## WORK INSTRUCTION
All that is needed is an exact repetition of the lines from the one containing "Snorkeling with Whales in Mirissa 1" through the final line of the material, without pictures.

## DATA LISTING
::::::::
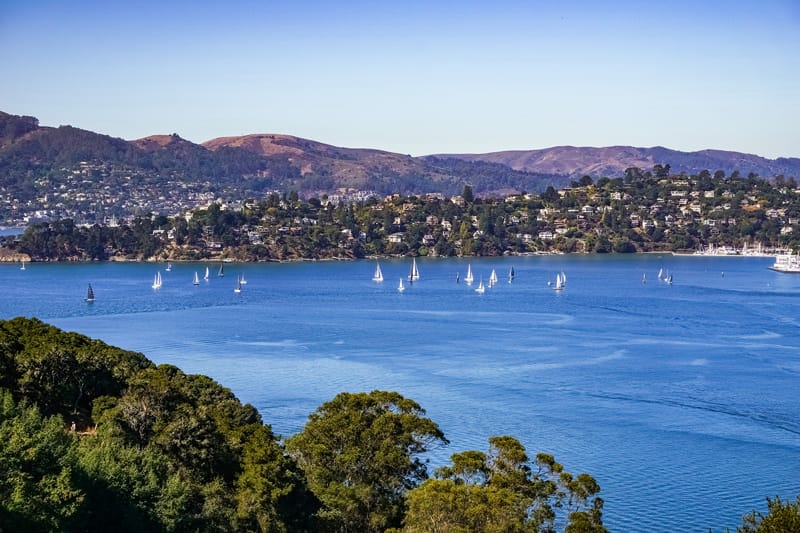 Elevate Your Moving Experience in Tiburon with Pedro’s Moving Services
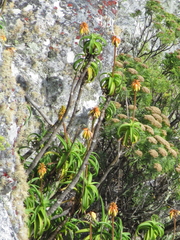 Aloiampelos striatula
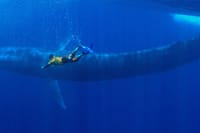 Snorkeling with Whales in Mirissa 1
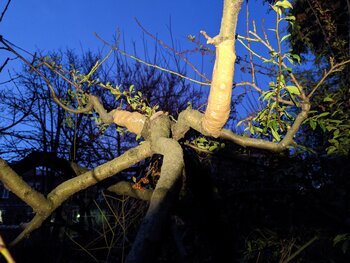 IMG_20240210_070819.jpg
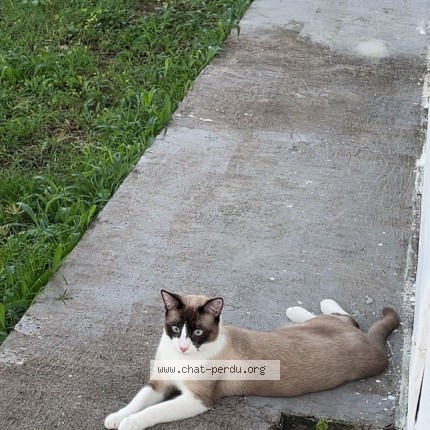 Foto de un gato reunido en Le Gosier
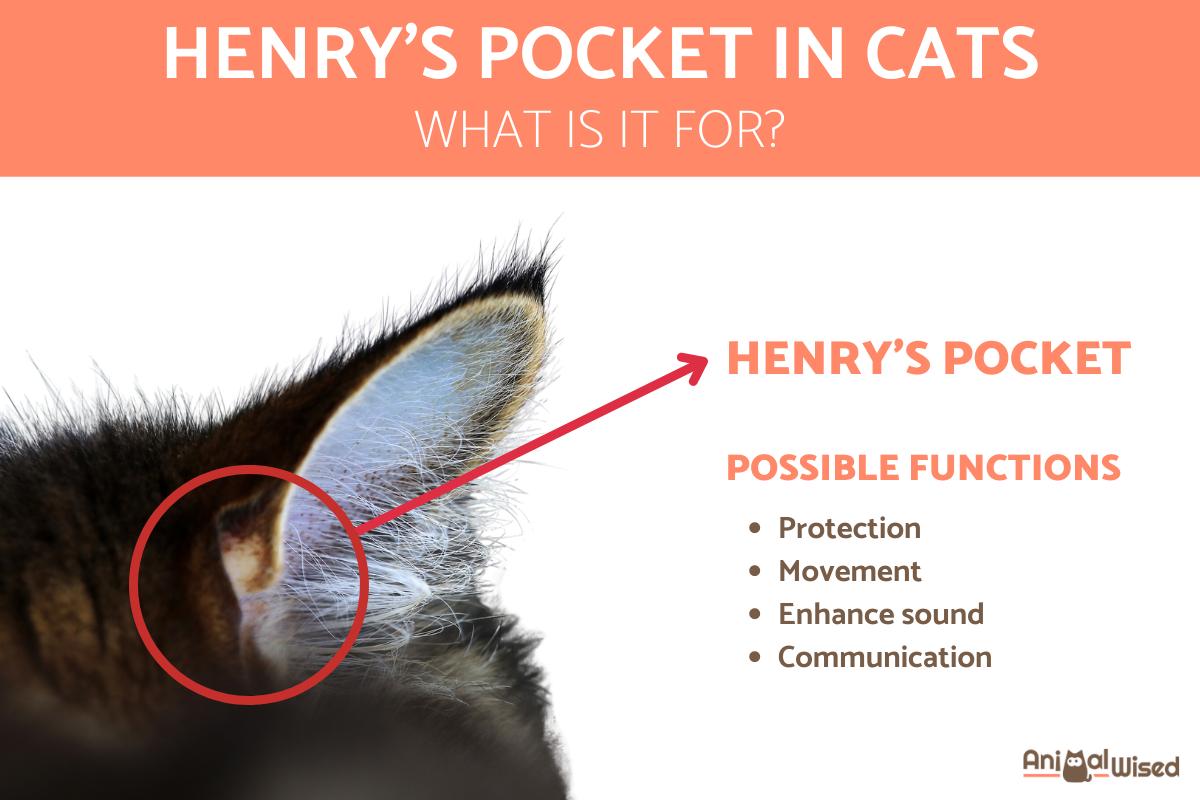What Is the Henry's Pocket in Cats?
::::::::
## RESPONSE BOX
 Snorkeling with Whales in Mirissa 1
 IMG_20240210_070819.jpg
 Foto de un gato reunido en Le Gosier
What Is the Henry's Pocket in Cats?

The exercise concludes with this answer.